Salobir: But you can have this superpower feeling of being someone who creates something. And when it comes to topics like artificial intelligence, if one day they can create let’s say a being having any kind of self-awareness or consciousness, then you could say, “Oh, I’m the creator now. I’m no more the creature.” And yeah, what did we change in our…
Zittrain: So before hearing Maria’s view on this, if there were a March for Science (because it’s a renewable kind of thing) next week, I’m curious would you happily march and what would your sign say?
Salobir: Now, that’s a too-complicated question for me. Maria will answer.
Zittrain: Fair enough, and you can come back to it later.
Salobir: For sure.
Zittrain: Peer review it.
Zuber: So let me just say, science provides the knowledge that provides the framework for technology, okay. Technology tells us what we can do. It doesn’t tell us whether we should do it. And it doesn’t tell us what the implications are of doing it. And so clearly that’s a place where spirituality can play a role in choosing a wise path.
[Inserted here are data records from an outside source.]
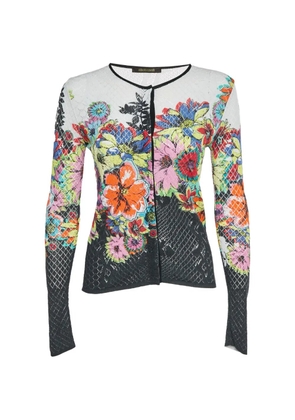 Roberto Cavalli Vintage floral-print long-sleeve cardigan - Black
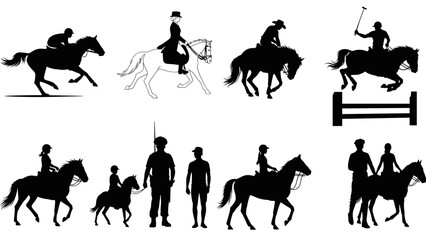 Equestrian sports and horse riding silhouettes collection riders, jockeys, jumping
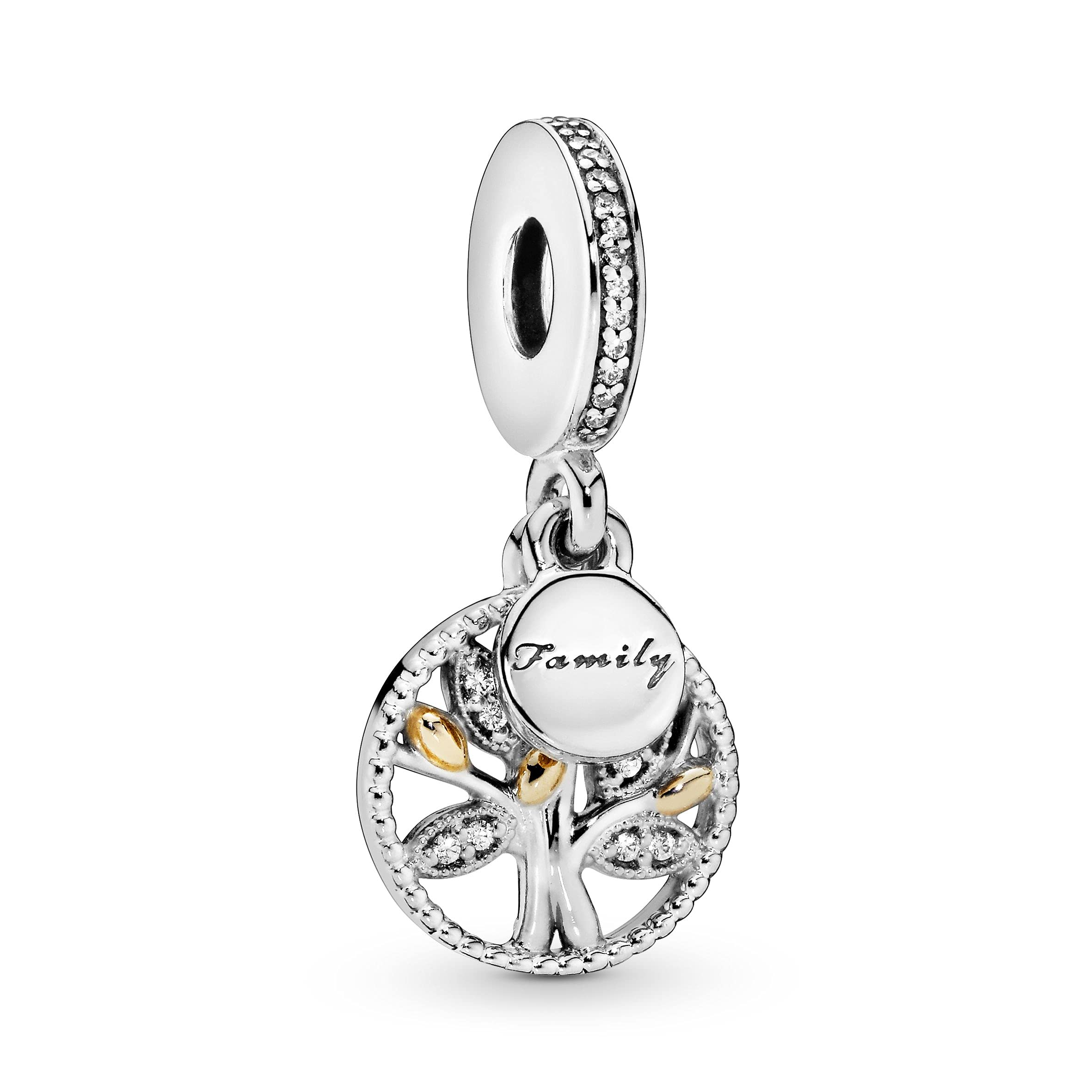 PANDORA Moments Women's Sterling Silver and 14k Gold Sparkling Family Tree Cubic Zirconia Dangle Charm for Bracelet, No Box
Zittrain: And so in your institutional role as VP of research of the greatest research institution for science and technology in the world… [Maria raises a first in the air] I could just end it right there. Would you ever find yourself looking at some massive research project about to be started here and saying, “Hey you know… Professor Frink, you need to have a values analysis or person here.” I’m not talking about an IRB—
Zuber: Well actually, we’re having this conversation a great deal. You know, we like to think at MIT that we use technology, we create technology. And one of our goals is to help the world. In fact our our campaign that’s going on right now is the Campaign for a Better World. How can we use science, technology, social science, etc. to make the world a better place? And we hear a lot about well, automation is causing people to lose their jobs and it’s causing societies to become fractured, for people’s quality of life to be stagnant or even to out to regress. And quite frankly we at MIT, we talk about this a lot and we feel like we have an institutional responsibility to be part of the solution to that problem.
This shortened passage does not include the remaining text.